What is required:
Retype all of the entries word for word.

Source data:
Content starts

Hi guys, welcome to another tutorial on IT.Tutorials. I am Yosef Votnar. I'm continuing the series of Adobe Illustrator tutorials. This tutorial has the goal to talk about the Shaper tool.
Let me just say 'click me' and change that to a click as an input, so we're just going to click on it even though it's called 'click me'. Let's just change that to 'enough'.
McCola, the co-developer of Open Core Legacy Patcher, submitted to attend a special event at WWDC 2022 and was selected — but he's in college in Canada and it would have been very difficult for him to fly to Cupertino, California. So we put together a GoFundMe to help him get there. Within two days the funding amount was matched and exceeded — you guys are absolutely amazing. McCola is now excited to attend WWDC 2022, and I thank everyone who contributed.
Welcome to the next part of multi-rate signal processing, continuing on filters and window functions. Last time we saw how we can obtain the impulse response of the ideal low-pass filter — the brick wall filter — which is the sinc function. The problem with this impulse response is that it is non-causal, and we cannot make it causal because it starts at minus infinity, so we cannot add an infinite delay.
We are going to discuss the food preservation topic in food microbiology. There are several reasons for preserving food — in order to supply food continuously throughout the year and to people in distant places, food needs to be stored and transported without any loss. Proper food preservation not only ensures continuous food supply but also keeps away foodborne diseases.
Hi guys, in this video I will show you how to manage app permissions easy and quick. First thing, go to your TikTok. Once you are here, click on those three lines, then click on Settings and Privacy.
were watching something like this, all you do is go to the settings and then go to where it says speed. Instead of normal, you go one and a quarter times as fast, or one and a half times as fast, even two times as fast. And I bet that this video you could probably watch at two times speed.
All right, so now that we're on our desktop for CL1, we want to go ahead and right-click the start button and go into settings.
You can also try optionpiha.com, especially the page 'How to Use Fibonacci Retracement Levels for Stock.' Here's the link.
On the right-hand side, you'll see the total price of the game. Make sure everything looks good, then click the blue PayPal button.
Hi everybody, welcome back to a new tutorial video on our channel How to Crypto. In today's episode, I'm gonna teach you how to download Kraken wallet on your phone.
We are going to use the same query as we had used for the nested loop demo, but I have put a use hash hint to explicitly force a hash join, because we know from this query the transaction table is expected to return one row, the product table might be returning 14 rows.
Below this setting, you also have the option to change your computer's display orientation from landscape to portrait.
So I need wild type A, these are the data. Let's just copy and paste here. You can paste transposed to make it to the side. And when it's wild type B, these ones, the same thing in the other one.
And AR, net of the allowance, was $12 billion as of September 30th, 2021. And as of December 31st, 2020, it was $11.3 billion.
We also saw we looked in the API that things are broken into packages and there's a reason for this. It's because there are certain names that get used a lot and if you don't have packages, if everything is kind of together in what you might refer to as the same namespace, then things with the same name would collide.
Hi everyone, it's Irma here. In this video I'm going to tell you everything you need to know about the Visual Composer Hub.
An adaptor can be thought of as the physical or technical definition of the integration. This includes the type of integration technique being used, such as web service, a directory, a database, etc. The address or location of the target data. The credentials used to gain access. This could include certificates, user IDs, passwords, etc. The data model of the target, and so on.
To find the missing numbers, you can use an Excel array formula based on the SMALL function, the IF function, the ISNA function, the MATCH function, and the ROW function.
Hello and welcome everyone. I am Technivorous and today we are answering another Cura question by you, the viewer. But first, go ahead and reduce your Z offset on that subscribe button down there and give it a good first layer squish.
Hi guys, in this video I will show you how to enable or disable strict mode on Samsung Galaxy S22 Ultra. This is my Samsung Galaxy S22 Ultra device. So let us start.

Content ends

Answer space:
Hi guys, welcome to another tutorial on IT.Tutorials. I am Yosef Votnar. I'm continuing the series of Adobe Illustrator tutorials. This tutorial has the goal to talk about the Shaper tool.
Let me just say 'click me' and change that to a click as an input, so we're just going to click on it even though it's called 'click me'. Let's just change that to 'enough'.
McCola, the co-developer of Open Core Legacy Patcher, submitted to attend a special event at WWDC 2022 and was selected — but he's in college in Canada and it would have been very difficult for him to fly to Cupertino, California. So we put together a GoFundMe to help him get there. Within two days the funding amount was matched and exceeded — you guys are absolutely amazing. McCola is now excited to attend WWDC 2022, and I thank everyone who contributed.
Welcome to the next part of multi-rate signal processing, continuing on filters and window functions. Last time we saw how we can obtain the impulse response of the ideal low-pass filter — the brick wall filter — which is the sinc function. The problem with this impulse response is that it is non-causal, and we cannot make it causal because it starts at minus infinity, so we cannot add an infinite delay.
We are going to discuss the food preservation topic in food microbiology. There are several reasons for preserving food — in order to supply food continuously throughout the year and to people in distant places, food needs to be stored and transported without any loss. Proper food preservation not only ensures continuous food supply but also keeps away foodborne diseases.
Hi guys, in this video I will show you how to manage app permissions easy and quick. First thing, go to your TikTok. Once you are here, click on those three lines, then click on Settings and Privacy.
were watching something like this, all you do is go to the settings and then go to where it says speed. Instead of normal, you go one and a quarter times as fast, or one and a half times as fast, even two times as fast. And I bet that this video you could probably watch at two times speed.
All right, so now that we're on our desktop for CL1, we want to go ahead and right-click the start button and go into settings.
You can also try optionpiha.com, especially the page 'How to Use Fibonacci Retracement Levels for Stock.' Here's the link.
On the right-hand side, you'll see the total price of the game. Make sure everything looks good, then click the blue PayPal button.
Hi everybody, welcome back to a new tutorial video on our channel How to Crypto. In today's episode, I'm gonna teach you how to download Kraken wallet on your phone.
We are going to use the same query as we had used for the nested loop demo, but I have put a use hash hint to explicitly force a hash join, because we know from this query the transaction table is expected to return one row, the product table might be returning 14 rows.
Below this setting, you also have the option to change your computer's display orientation from landscape to portrait.
So I need wild type A, these are the data. Let's just copy and paste here. You can paste transposed to make it to the side. And when it's wild type B, these ones, the same thing in the other one.
And AR, net of the allowance, was $12 billion as of September 30th, 2021. And as of December 31st, 2020, it was $11.3 billion.
We also saw we looked in the API that things are broken into packages and there's a reason for this. It's because there are certain names that get used a lot and if you don't have packages, if everything is kind of together in what you might refer to as the same namespace, then things with the same name would collide.
Hi everyone, it's Irma here. In this video I'm going to tell you everything you need to know about the Visual Composer Hub.
An adaptor can be thought of as the physical or technical definition of the integration. This includes the type of integration technique being used, such as web service, a directory, a database, etc. The address or location of the target data. The credentials used to gain access. This could include certificates, user IDs, passwords, etc. The data model of the target, and so on.
To find the missing numbers, you can use an Excel array formula based on the SMALL function, the IF function, the ISNA function, the MATCH function, and the ROW function.
Hello and welcome everyone. I am Technivorous and today we are answering another Cura question by you, the viewer. But first, go ahead and reduce your Z offset on that subscribe button down there and give it a good first layer squish.
Hi guys, in this video I will show you how to enable or disable strict mode on Samsung Galaxy S22 Ultra. This is my Samsung Galaxy S22 Ultra device. So let us start.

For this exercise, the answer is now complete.